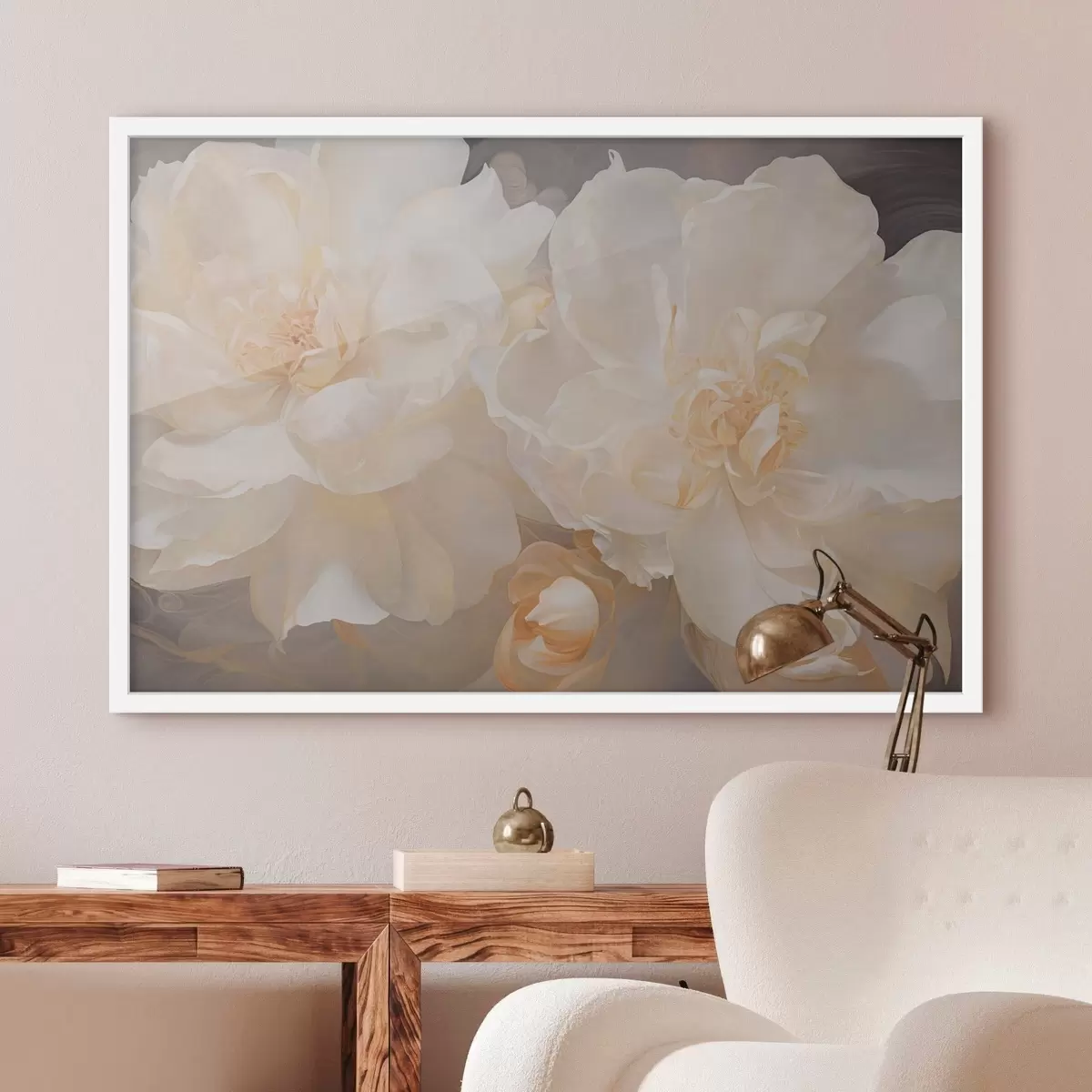 Affiche Gros plan sur des pivoines doubles claires f51088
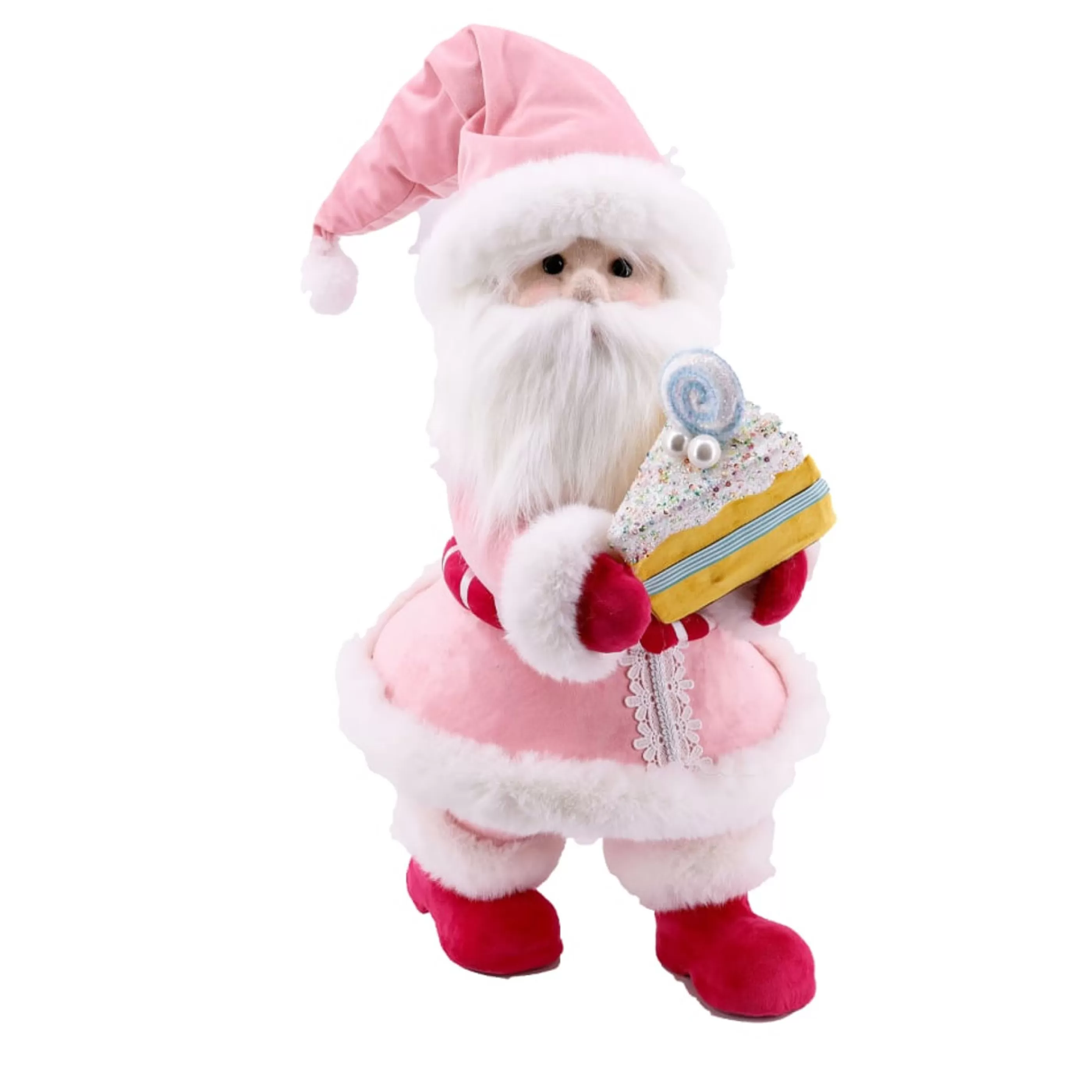 * Gingerbread Candy Christmas | Sweet Santa Claus With Cake Slice - 57Cm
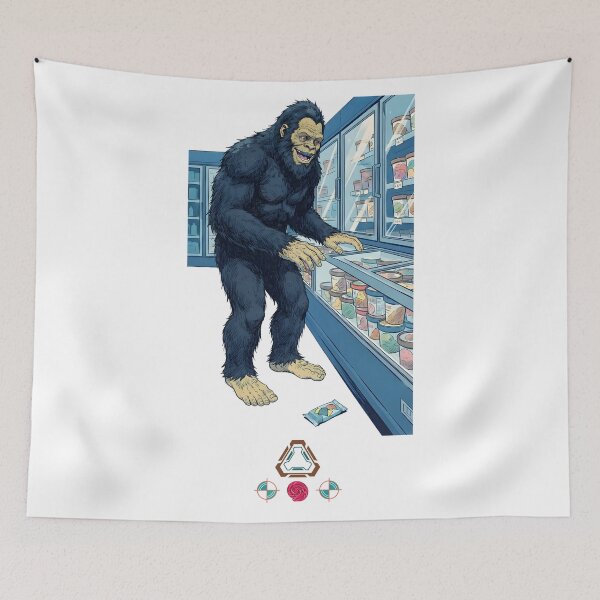 Item preview, Bigfoot's Ice Cream Run - Funny Sasquatch at the Grocery Store designed and sold by Whimsy Trail Co.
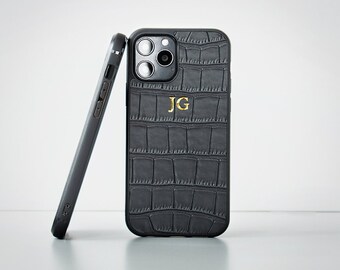 Custodia Per IPhone 11 Pro Max In Similpelle Rossa Effetto Coccodrillo - Personalizzabile Con Nome/iniziali - Foto 4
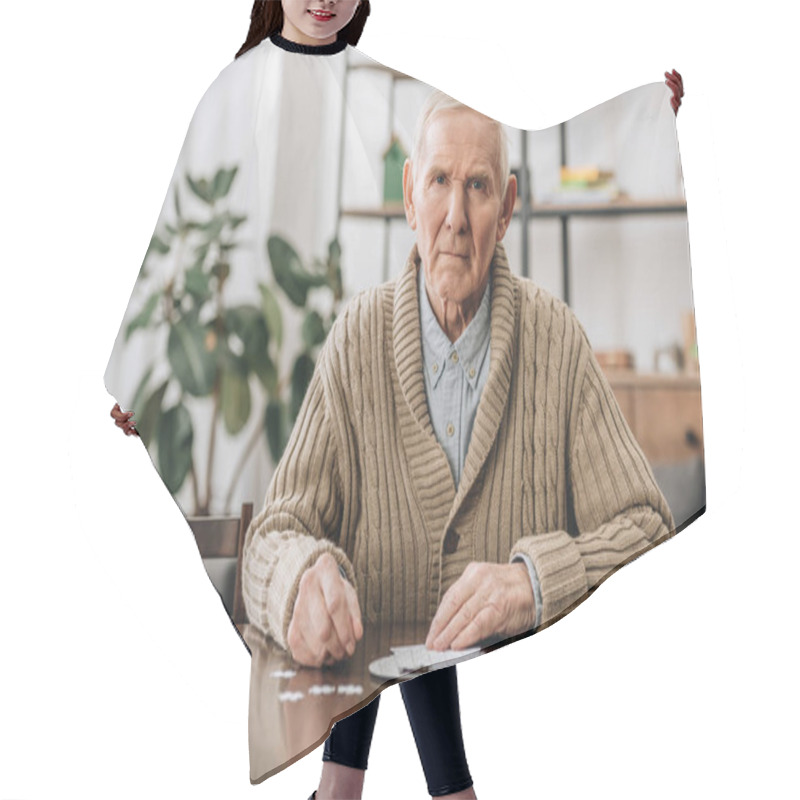 Personality  Upset Retired Man With Grey Hair Playing With Puzzles At Home  Hair Cutting Cape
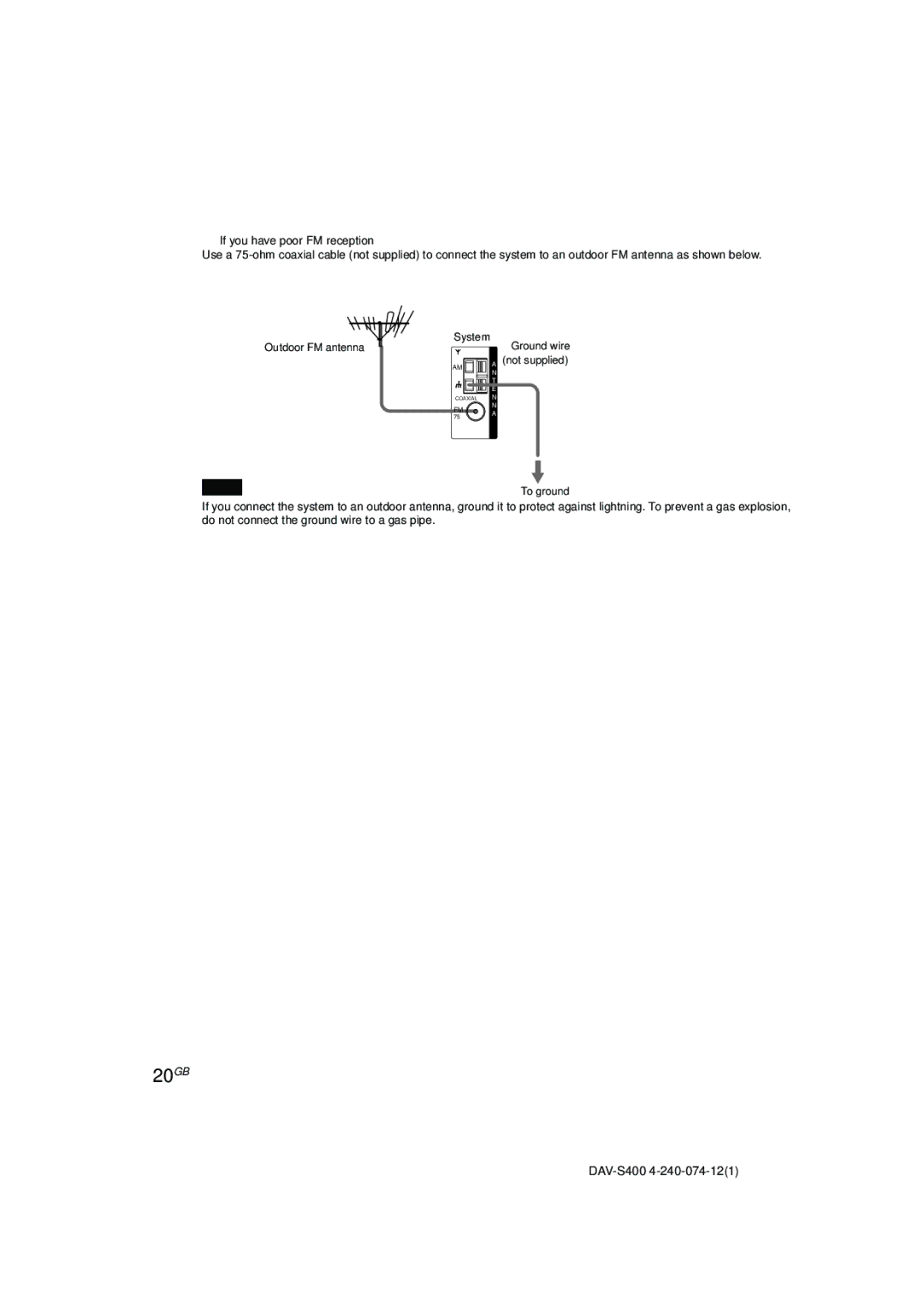 Sony DAV-S400 manual 20GB, If you have poor FM reception 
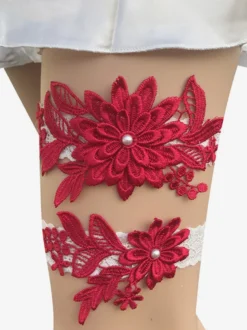 Jarretière Accessoires De Lingerie De Mariée De Fête En Dentelle Blanche Femmes
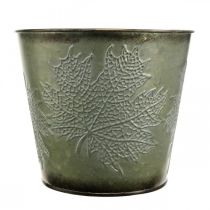 Artikel Decoratieve emmer met bladdecoratie, herfstpot, metalen decoratie groen Ø17cm H14.5cm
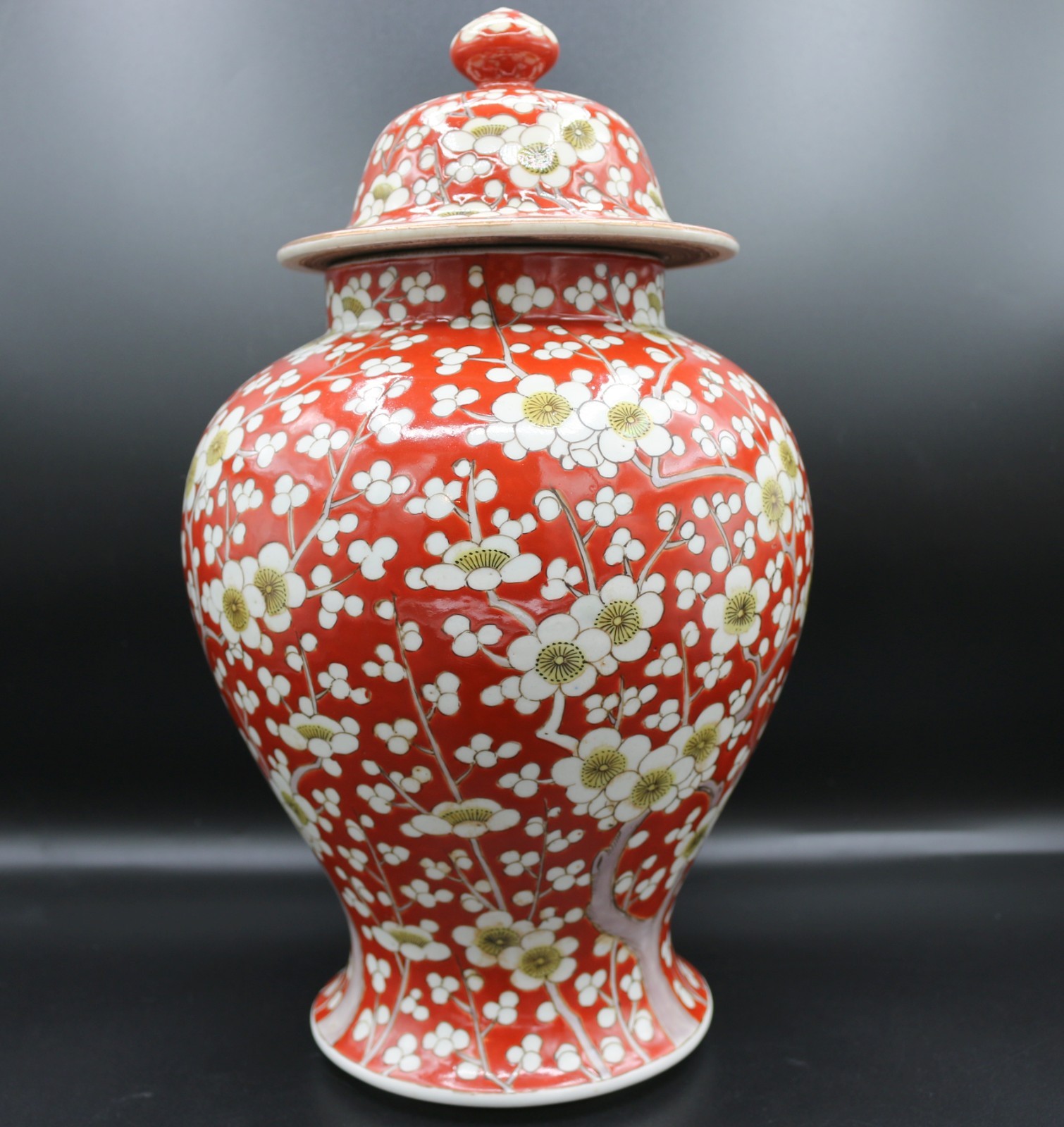 Antique Japanese Porcelain Prunus Blossom Temple Jar w/ Lid Fukagawa c. 1895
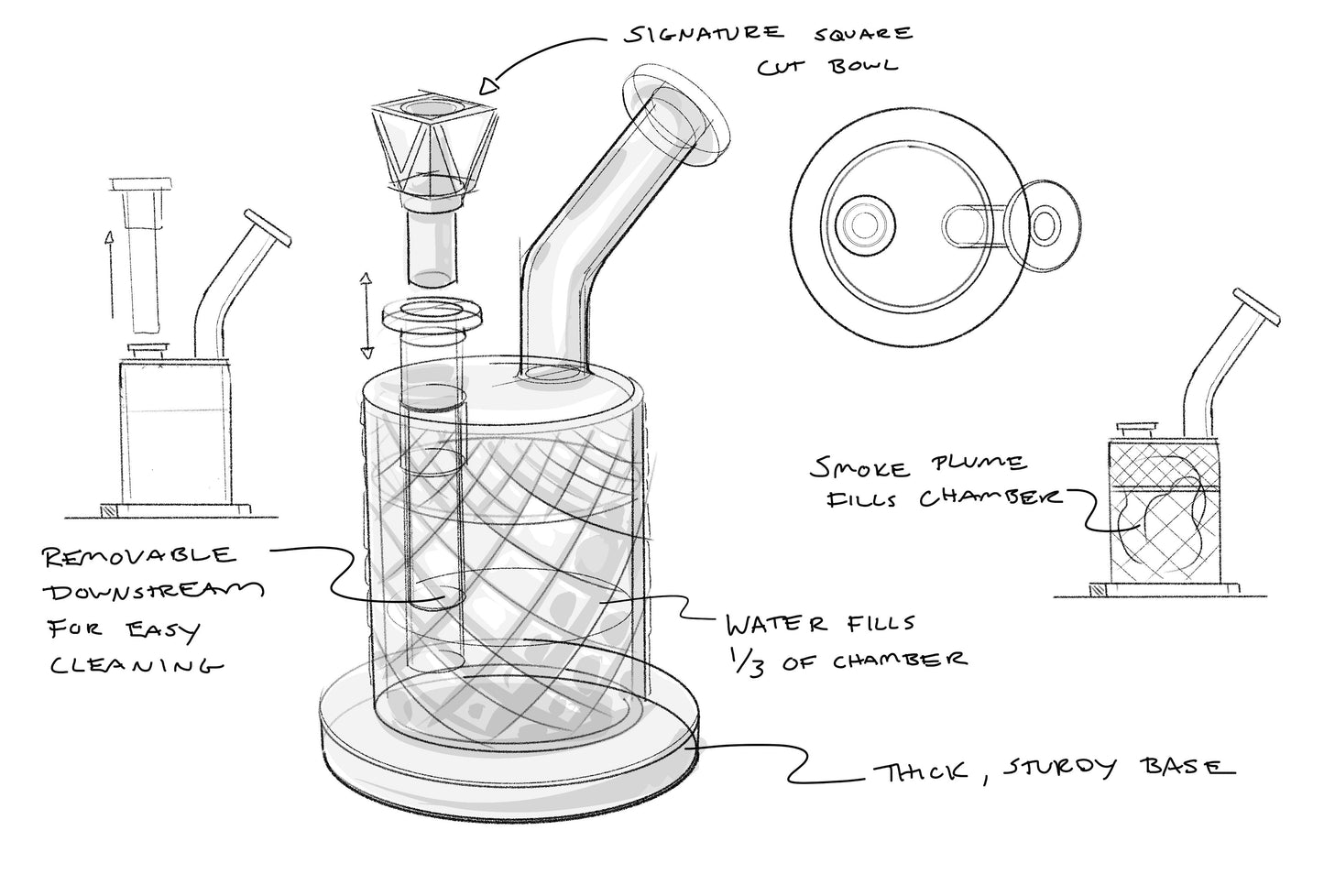 Twenties Collection Water Pipe | Pink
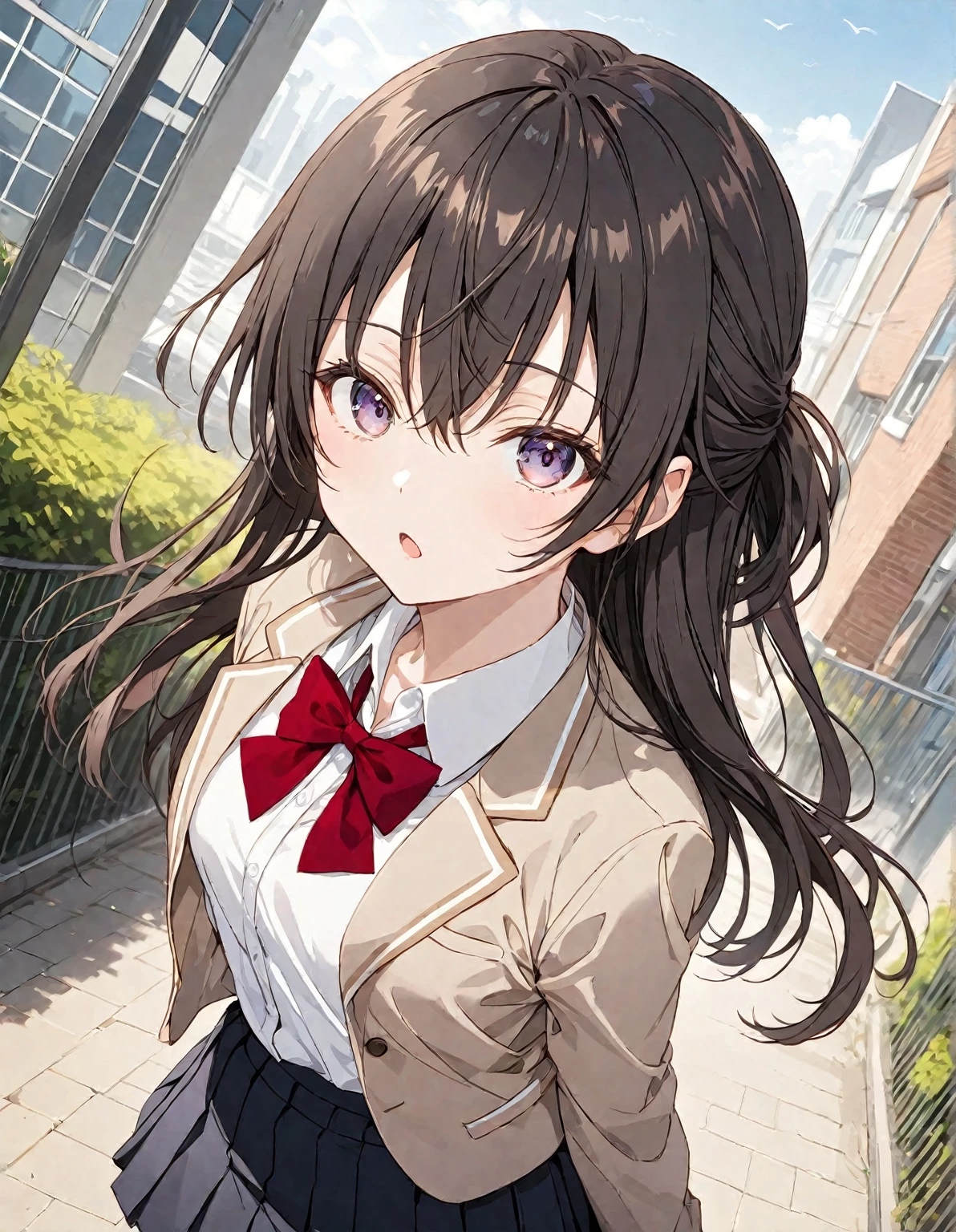 ((Tabletop, highest quality, High resolution, Hmph, Perfect Pixel,  4K, Hmph, Hmph))), One Girl, single, alone, Beauty、The whole body is visible、 ((Mid-wave hair, bangs, Brown Hair)), ((Brown eyes, Beautiful eyelashes, Realistic eyes)), ((Detailed face, Blushing:1.2)), ((Smooth texture:0.75, Realistic texture:0.65, Realistic:1.1, Anime CG Style)), Medium chest, Dynamic Angle, Perfect body,  ((Red bow tie, , Black jacket, Open jacket, Brown cardigan, White shirt, Black Skirt, Checked skirt)), City stairs、Looking up from the bottom of the stairs、Very embarrassing panic smile, looked back、Leaning forward、(The wind blew up her skirt, exposing her buttocks....................、Touch your buttocks with both hands、Light pink floral lace panties)、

● ● ●

- THE TASK
All pictures should be dropped; the lines from the one containing "Custodia Per IPhone" through the last line of the material are to be set down exactly.

- SOLUTION
 Custodia Per IPhone 11 Pro Max In Similpelle Rossa Effetto Coccodrillo - Personalizzabile Con Nome/iniziali - Foto 4
 Personality  Upset Retired Man With Grey Hair Playing With Puzzles At Home  Hair Cutting Cape
 Sony DAV-S400 manual 20GB, If you have poor FM reception 
 Jarretière Accessoires De Lingerie De Mariée De Fête En Dentelle Blanche Femmes
 Artikel Decoratieve emmer met bladdecoratie, herfstpot, metalen decoratie groen Ø17cm H14.5cm
 Antique Japanese Porcelain Prunus Blossom Temple Jar w/ Lid Fukagawa c. 1895
 Twenties Collection Water Pipe | Pink
 ((Tabletop, highest quality, High resolution, Hmph, Perfect Pixel,  4K, Hmph, Hmph))), One Girl, single, alone, Beauty、The whole body is visible、 ((Mid-wave hair, bangs, Brown Hair)), ((Brown eyes, Beautiful eyelashes, Realistic eyes)), ((Detailed face, Blushing:1.2)), ((Smooth texture:0.75, Realistic texture:0.65, Realistic:1.1, Anime CG Style)), Medium chest, Dynamic Angle, Perfect body,  ((Red bow tie, , Black jacket, Open jacket, Brown cardigan, White shirt, Black Skirt, Checked skirt)), City stairs、Looking up from the bottom of the stairs、Very embarrassing panic smile, looked back、Leaning forward、(The wind blew up her skirt, exposing her buttocks....................、Touch your buttocks with both hands、Light pink floral lace panties)、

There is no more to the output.